Soames, the unconscious ironist, fixed his gaze on Bosinney's tie, which
was far from being in the perpendicular; he was unshaven too, and his
dress not remarkable for order. Architecture appeared to have exhausted
his regularity.
"Won't it look like a barrack?" he inquired.
He did not at once receive a reply.
"I can see what it is," said Bosinney, "you want one of Littlemaster's
houses--one of the pretty and commodious sort, where the servants will
live in garrets, and the front door be sunk so that you may come up
again. By all means try Littlemaster, you'll find him a capital fellow,
I've known him all my life!"
Soames was alarmed. He had really been struck by the plans, and the
concealment of his satisfaction had been merely instinctive. It was
difficult for him to pay a compliment. He despised people who were
lavish with their praises.
He found himself now in the embarrassing position of one who must pay a
compliment or run the risk of losing a good thing. Bosinney was just the
fellow who might tear up the plans and refuse to act for him; a kind of
grown-up child!
This grown-up childishness, to which he felt so superior, exercised a
peculiar and almost mesmeric effect on Soames, for he had never felt
anything like it in himself.
"Well," he stammered at last, "it's--it's, certainly original."

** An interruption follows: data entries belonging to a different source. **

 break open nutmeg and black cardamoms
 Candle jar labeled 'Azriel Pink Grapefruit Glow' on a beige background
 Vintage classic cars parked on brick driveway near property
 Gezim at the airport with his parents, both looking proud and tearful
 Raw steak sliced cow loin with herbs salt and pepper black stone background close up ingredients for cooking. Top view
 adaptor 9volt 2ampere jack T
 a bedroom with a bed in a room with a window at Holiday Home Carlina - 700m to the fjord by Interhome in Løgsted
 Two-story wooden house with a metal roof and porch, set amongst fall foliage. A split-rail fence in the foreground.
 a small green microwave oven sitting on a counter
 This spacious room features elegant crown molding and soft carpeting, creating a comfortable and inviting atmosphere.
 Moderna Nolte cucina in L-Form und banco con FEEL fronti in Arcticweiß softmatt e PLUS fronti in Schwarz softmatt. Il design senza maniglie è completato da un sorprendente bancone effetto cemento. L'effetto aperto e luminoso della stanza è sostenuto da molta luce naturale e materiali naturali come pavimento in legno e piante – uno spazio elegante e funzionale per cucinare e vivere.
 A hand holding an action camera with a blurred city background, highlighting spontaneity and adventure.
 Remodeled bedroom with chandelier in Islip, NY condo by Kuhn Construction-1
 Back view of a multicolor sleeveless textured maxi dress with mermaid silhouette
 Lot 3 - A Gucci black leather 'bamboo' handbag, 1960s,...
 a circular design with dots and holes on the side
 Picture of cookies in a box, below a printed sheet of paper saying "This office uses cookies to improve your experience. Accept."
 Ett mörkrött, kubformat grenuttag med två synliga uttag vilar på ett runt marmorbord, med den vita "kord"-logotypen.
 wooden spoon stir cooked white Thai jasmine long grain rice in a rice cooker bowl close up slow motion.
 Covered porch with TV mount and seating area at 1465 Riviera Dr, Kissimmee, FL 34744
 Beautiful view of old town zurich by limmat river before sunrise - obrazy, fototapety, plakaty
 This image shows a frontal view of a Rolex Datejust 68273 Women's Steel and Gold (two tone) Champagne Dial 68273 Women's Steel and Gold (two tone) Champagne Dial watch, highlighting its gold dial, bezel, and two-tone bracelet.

He had such a private distrust and even dislike of the word 'original'
that he felt he had not really given himself away by this remark.
Bosinney seemed pleased. It was the sort of thing that would please a
fellow like that! And his success encouraged Soames.
"It's--a big place," he said.
"Space, air, light," he heard Bosinney murmur, "you can't live like a
gentleman in one of Littlemaster's--he builds for manufacturers."
Soames made a deprecating movement; he had been identified with a
gentleman; not for a good deal of money now would he be classed with
manufacturers. But his innate distrust of general principles
revived. What the deuce was the good of talking about regularity and
self-respect? It looked to him as if the house would be cold.
"Irene can't stand the cold!" he said.
"Ah!" said Bosinney sarcastically. "Your wife? She doesn't like the
cold? I'll see to that; she shan't be cold. Look here!" he pointed, to
four marks at regular intervals on the walls of the court. "I've given
you hot-water pipes in aluminium casings; you can get them with very
good designs."
Soames looked suspiciously at these marks.
"It's all very well, all this," he said, "but what's it going to cost?"